The very rare spotted cat's-ear Hypochaeris maculata was in flower.
We also saw dropwort Filipendula vulgaris and the rare black bog-rush Schoenus nigricans (actually a sedge).
We visited a small pond where we thought the rare three-lobed crowfoot Ranunculus tripartitus was flowering, though these specimens are apparently hybrids. Ian also showed us a rare alga again confined to Cornwall (except for one population in Scotland) in mainland Britain, the strawberry stonewort Chara fragifera, with its strong aroma. We saw lesser water plantain Baldellia ranunculoides in flower here too.

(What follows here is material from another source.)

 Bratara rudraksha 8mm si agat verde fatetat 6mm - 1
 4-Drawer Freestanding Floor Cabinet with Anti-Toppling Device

Lesser meadow rue Thalictrum minus was in bud on the cliff faces.
At Gew Graze we saw the prostrate juniper subspecies confined to the Lizard, Juniperus communis ssp. hemisphaerica.
The rare prostrate broom Cytisus scoparius subsp. maritimus was flowering strongly now too.
As we returned to Lizard village, we found pillwort Pilularia globulifera, a partially aquatic fern, a pale heath-violet Viola lactea and the introduced rosy garlic Allium roseum which now grows in swathes along the A30 near Hayle.
We also saw hairy greenweed Genista pilosa (see May photographs), cliff Dyer's greenweed Genista tinctoria subsp. littoralis (see tomorrow's photographs) and petty whin Genista anglica. Chamomile Chamaemelum nobile was in leaf in the ruts. Near Kynance Cove Babington's leek Allium ampeloprasum var. babingtonii was in bud. Bloody cranes-bill Geranium sanguinium was widespread.
We visited Windmill Farm - no marsh fritillaries, though we did find southern marsh orchid, black-tailed skimmers (female below) and an adder. A female marsh harrier and a peregrine flew over.
2nd. Cornwall with Kurt Vickery. We looked for the black stork seen from Buttermilk Hill in the evening, but didn't see it (it flew past Carbis Bay soon after). Nice linnet and cuckoo though.